3. SERVICES TO BE PROVIDED BY THE SELLER AND PAID FOR BY BUYER
3.1 DATA RETENTION. During the Transition Period, in addition to the
Books and Records transferred pursuant to Section 1.1(a)(xii) and other copies
required to be provided under the Asset Purchase Agreement, Seller will retain
and maintain at Buyer's direction the accounting, financial and tax records
relating to the Subject Assets. Seller shall maintain all such accounting
records in the form and format established under and in accordance with Seller's
prior policies and practices. Seller will provide Buyer access to all said
records and permit Buyer to make copies and/or take extracts of the same, except
for any documents that Seller is prohibited from disclosing by reason of
confidentiality agreements made by Seller and previously disclosed to Buyer.
3.2 COMPUTER/ACCOUNTING SYSTEM. During the Transition Period, Seller
shall maintain an accounting system for the Subject Assets being conveyed as
part of the Agreement. This accounting system will maintain inventory and fixed
assets used in the manufacturing operations. All historical data required to
operate the accounting system effectively will be provided by the Seller. Seller
shall provide Buyer with cooperative use of such accounting system as such
relates to the Subject Assets during the term of the Transition Period.

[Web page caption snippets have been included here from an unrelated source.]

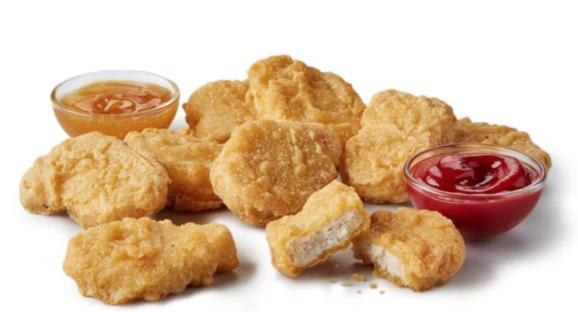 Chicken McNuggets with honey mustard and ketchup.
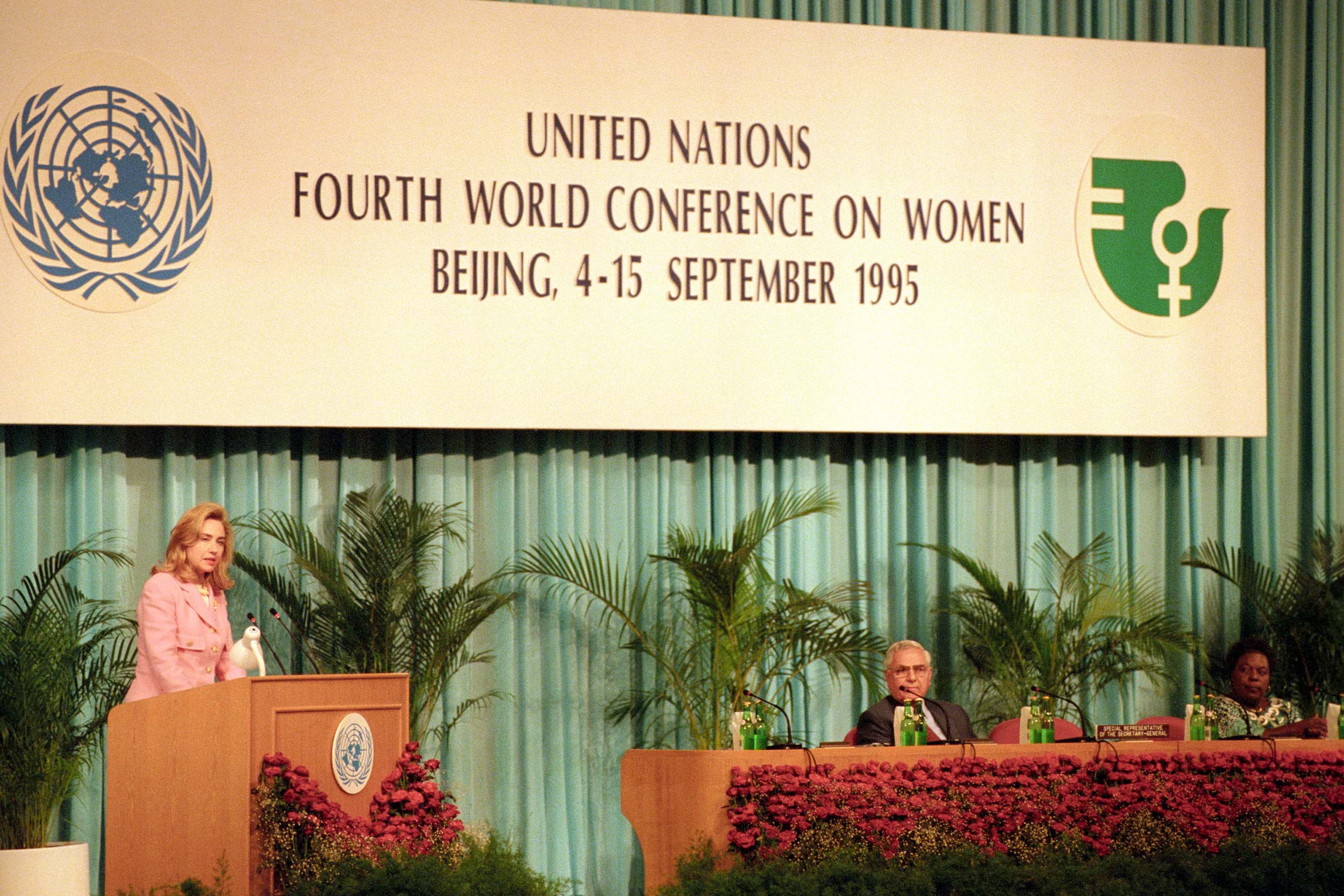 Hilary Clinton speaks on stage at a podium under a sign that reads "United Nations Fourth World Conference on Women, Beijing, 4-15 September 1995".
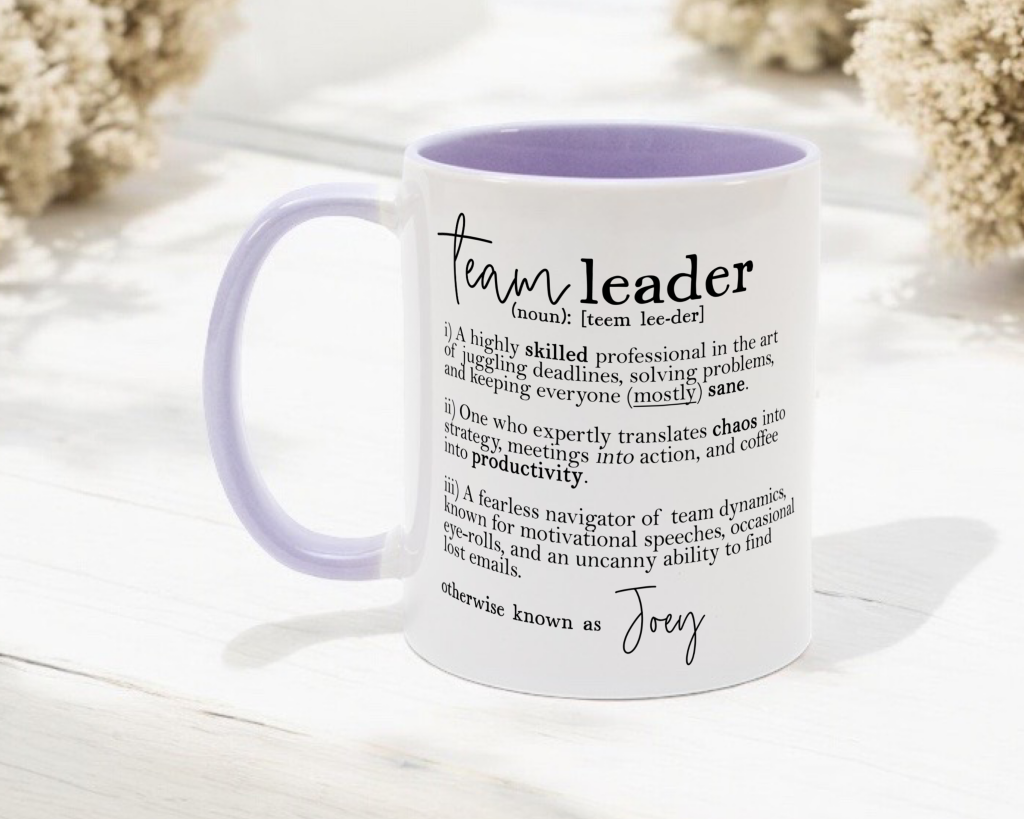 a lilac two-tone classic ceramic mug pictured on a white background, the mug reads 'team leader' followed by a dictionary-style definition that is followed by a personalised name.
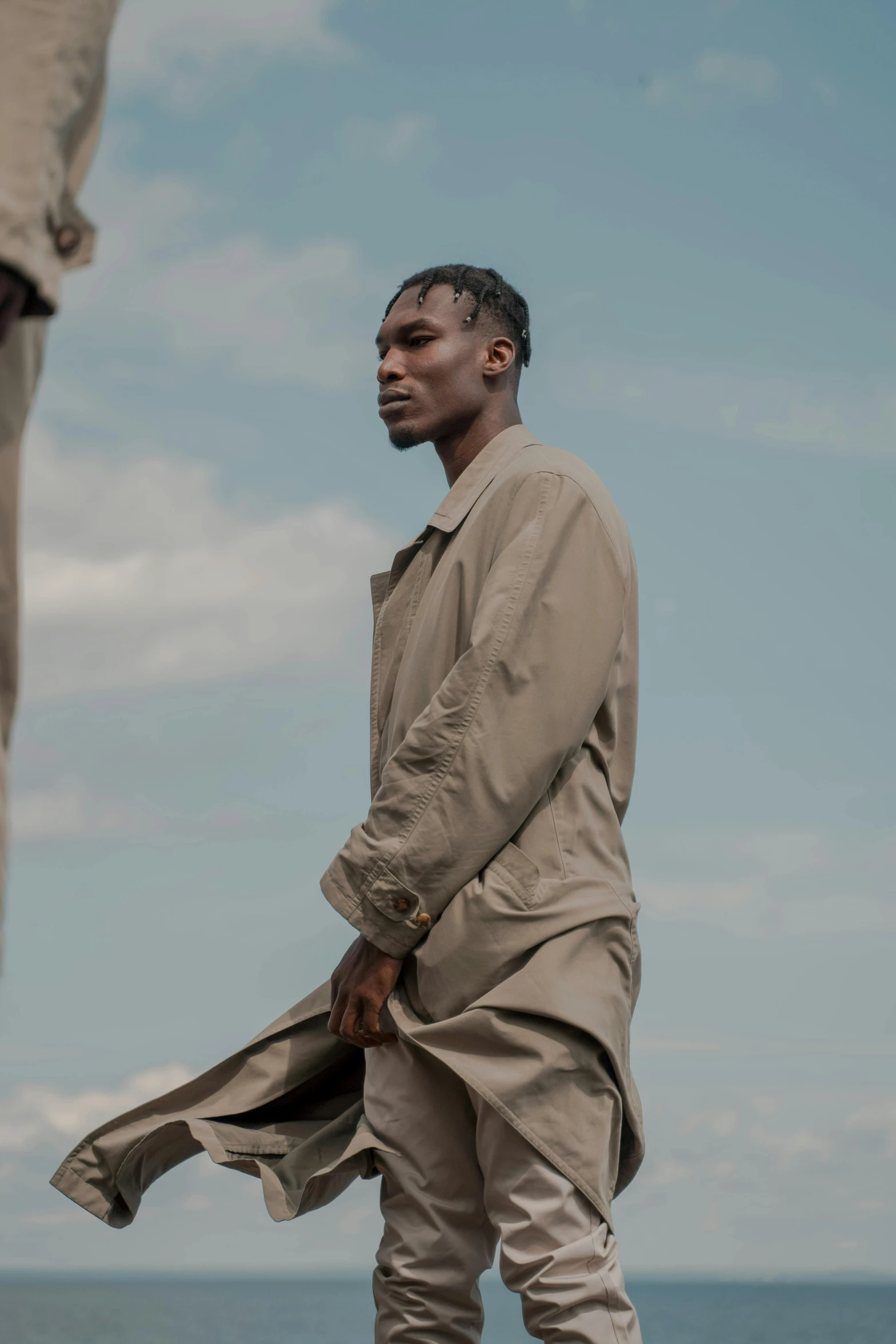 a man standing on top of a rock next to the ocean, an album cover, trending on pexels, light brown trenchcoat, adut akech, ( ( theatrical ) ), wearing human air force jumpsuit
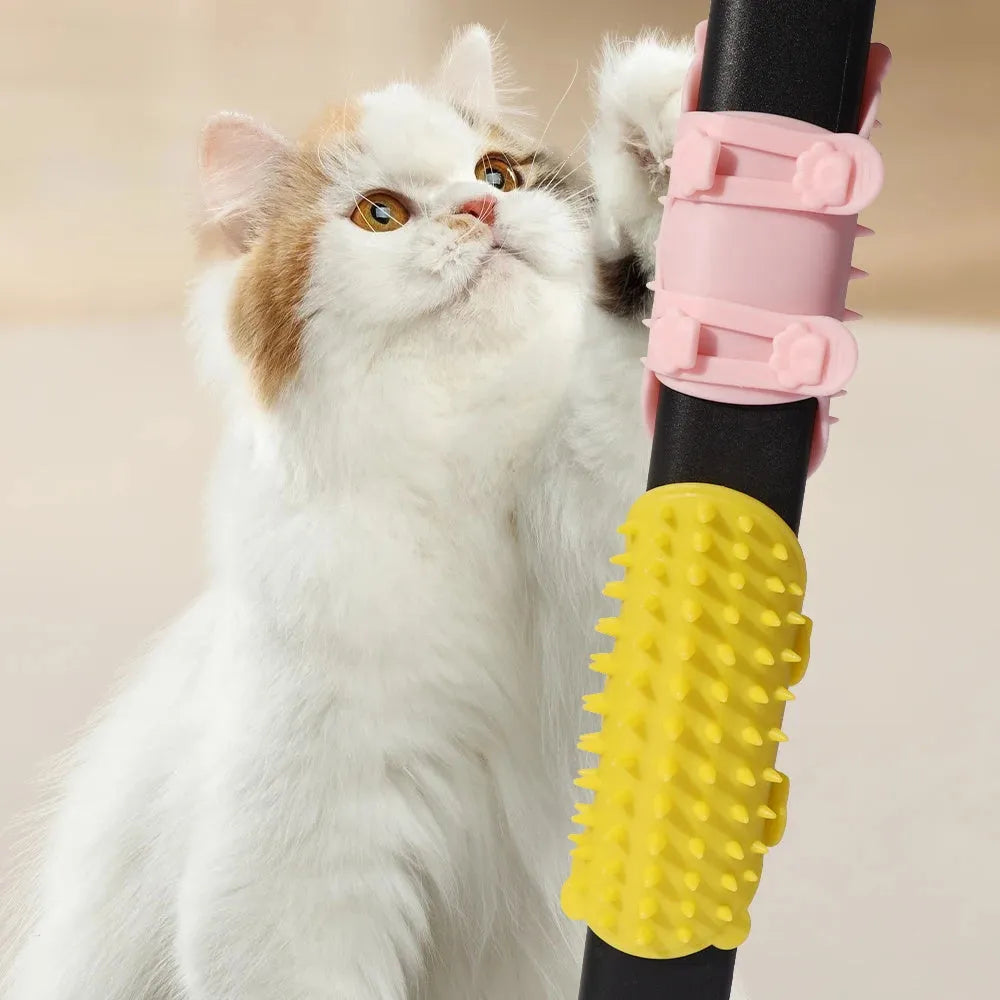 Silicone cat grooming comb with adjustable strap mounted on a table leg, shown in green.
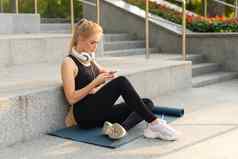 体育运动健身年轻的成人高加索人女人坐着锻炼席混凝土地板上休息早....锻炼户外夏天公园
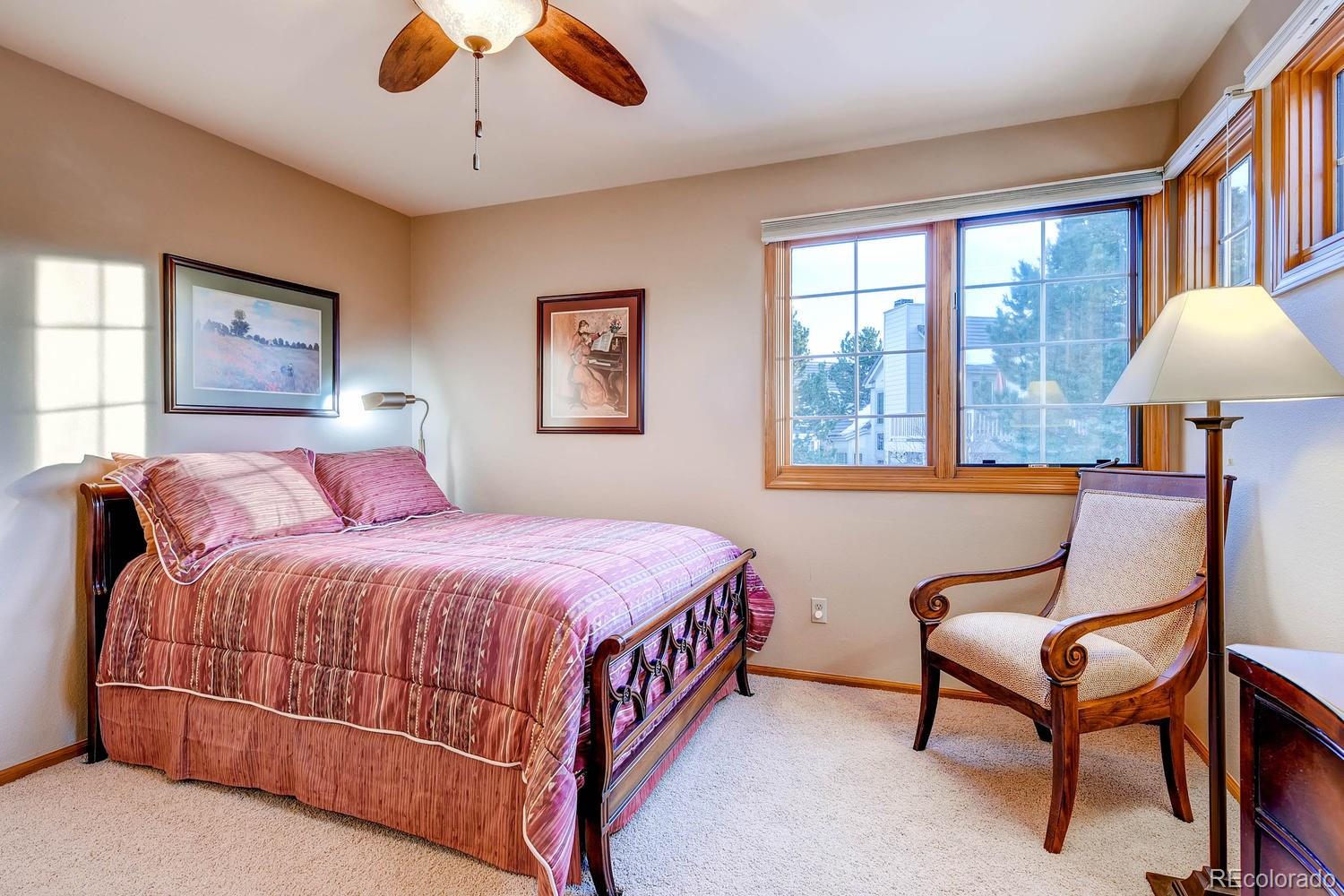 9470 Kemper Drive Lone Tree, CO 80124 - Photo 22 of 35 a bedroom with a bed chair and a window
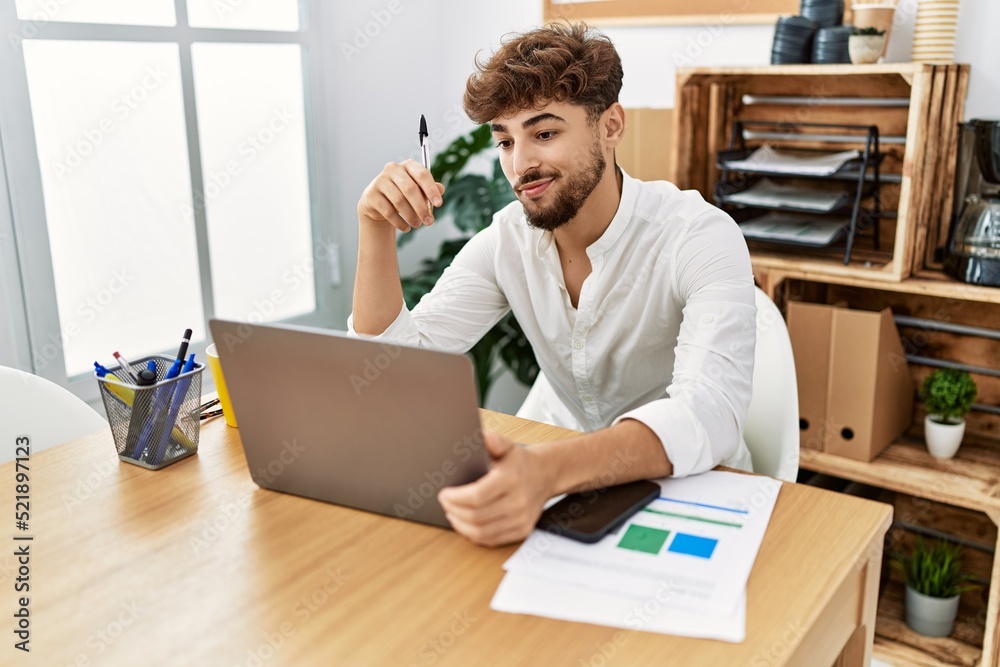 Young arab man using laptop working at office Young arab man using laptop working at office
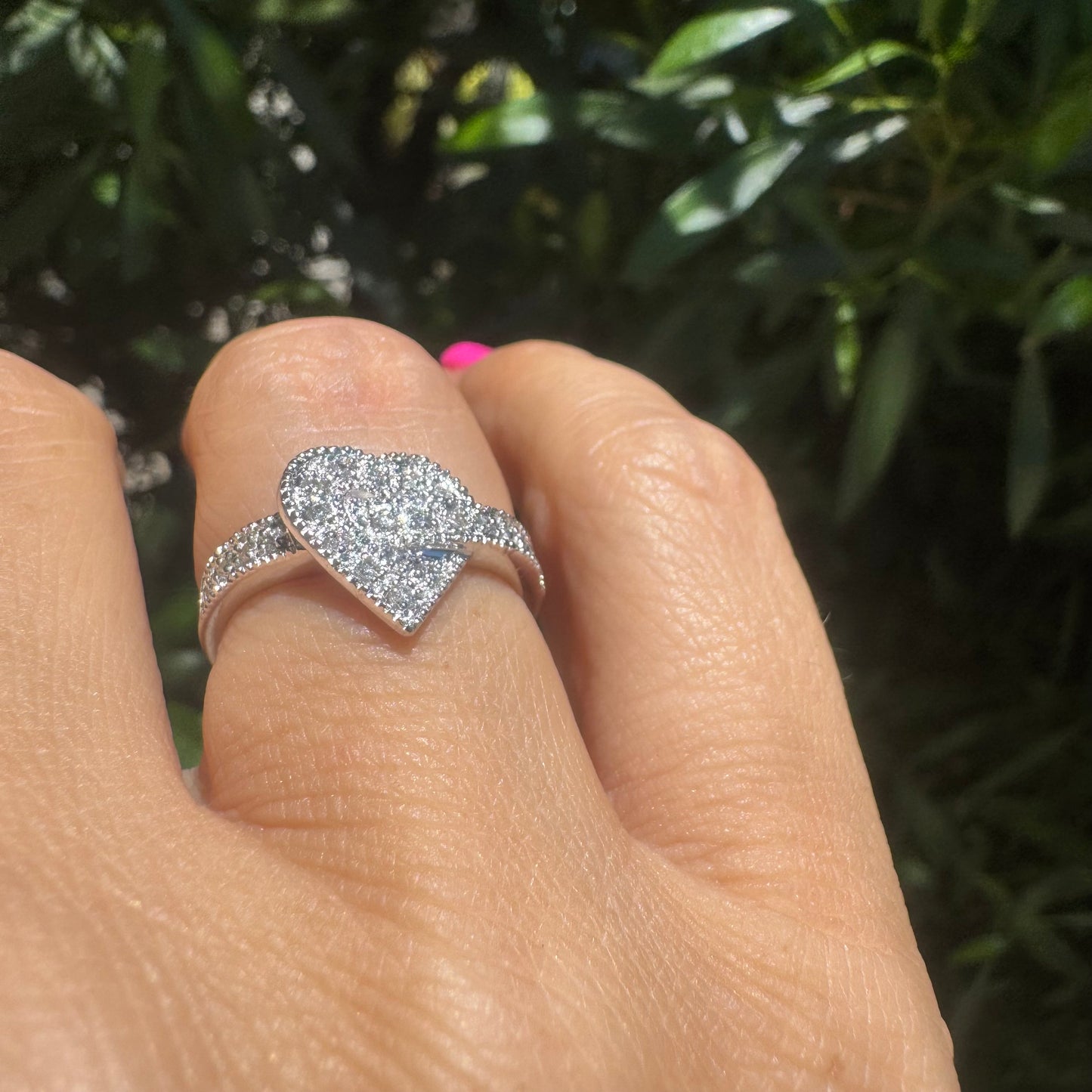 14K gold heart-shaped ring encrusted with shimmering Diamonds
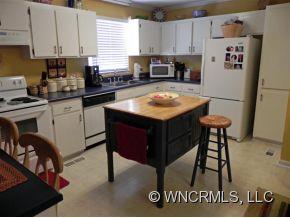 682 South Mountain Road Bostic, NC 28018 - Photo 3 of 12 a kitchen with a sink a stove and a refrigerator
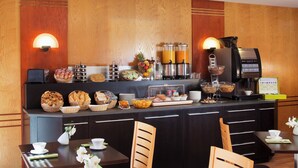 A breakfast bar with various food items, a coffee machine, and seating arrangements. - Escale Oceania Vannes (Vannes)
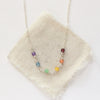 The silver wrapped rainbow necklace styled on tan linen
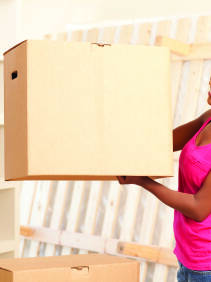 Woman moving boxes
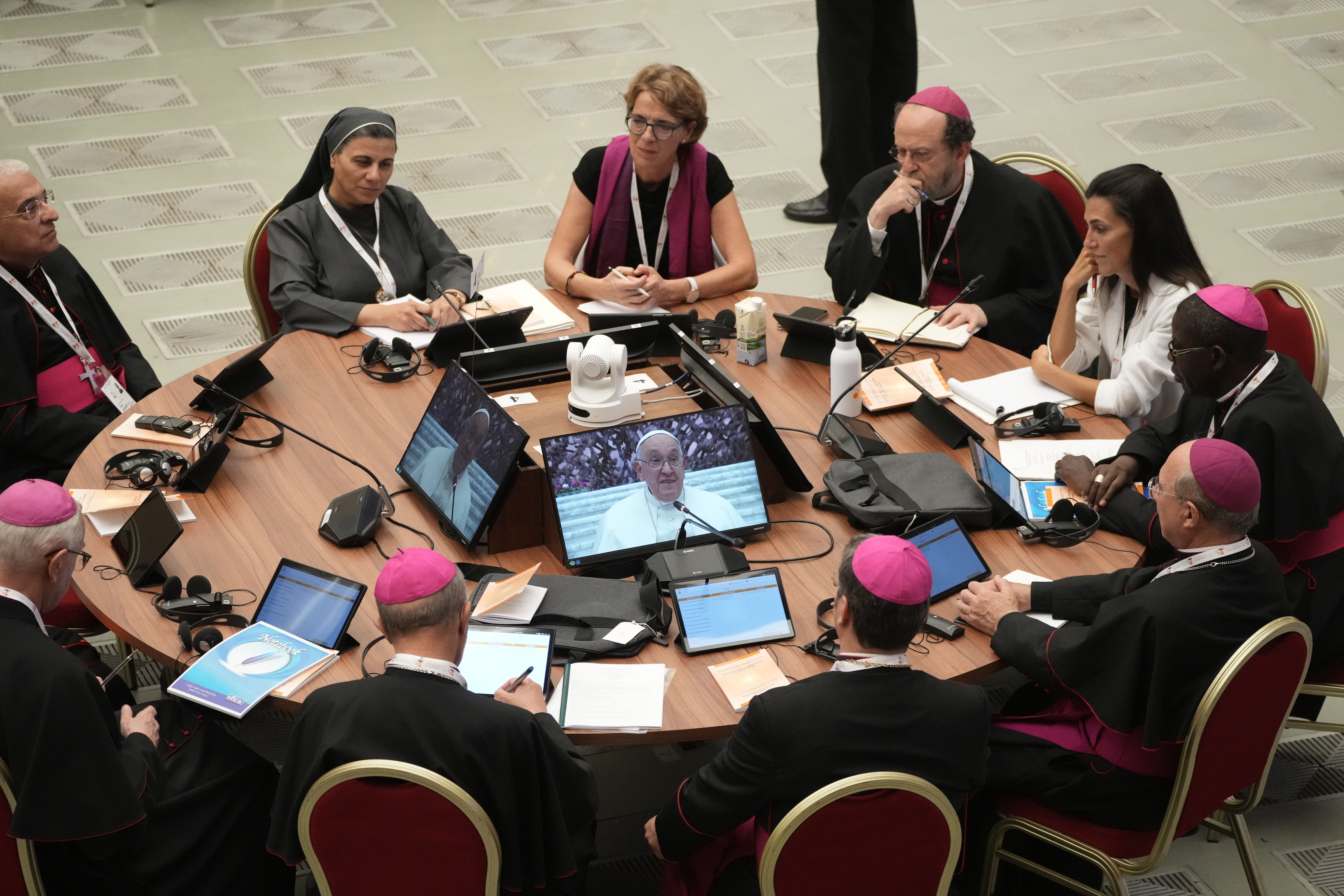 Participants in the opening session of the 16th General Assembly of the Synod of Bishops follow Pope Francis on monitors in the Paul VI Hall at The Vatican, Wednesday, Oct. 4, 2023.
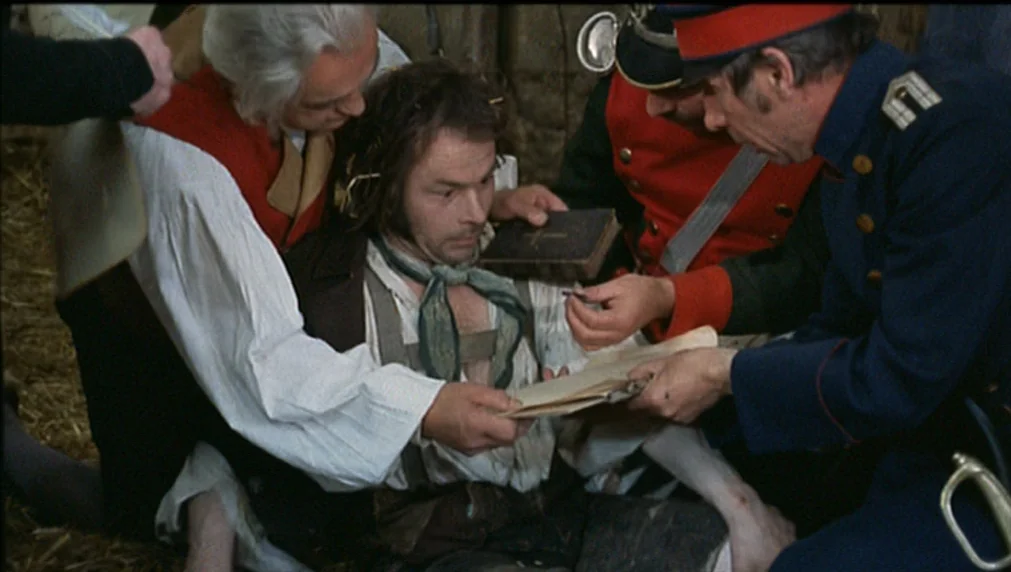The Enigma Of Kaspar Hauser (1974) movie still: medium — A group of men in 19th-century attire sit within a structure containing dry straw. A man in…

3.3 ACCOUNTING SYSTEM PERSONNEL. During the Transition Period, Seller
shall reasonably make its accounting system personnel available to Buyer for the
purpose of cost accounting, fixed asset accounting, inventory control, accounts
payable and other related matters consistent with current use ("Accounting
System Services"). Such personnel will also continue to handle accounting
matters for Seller. Seller shall continue to pay the cost of such personnel.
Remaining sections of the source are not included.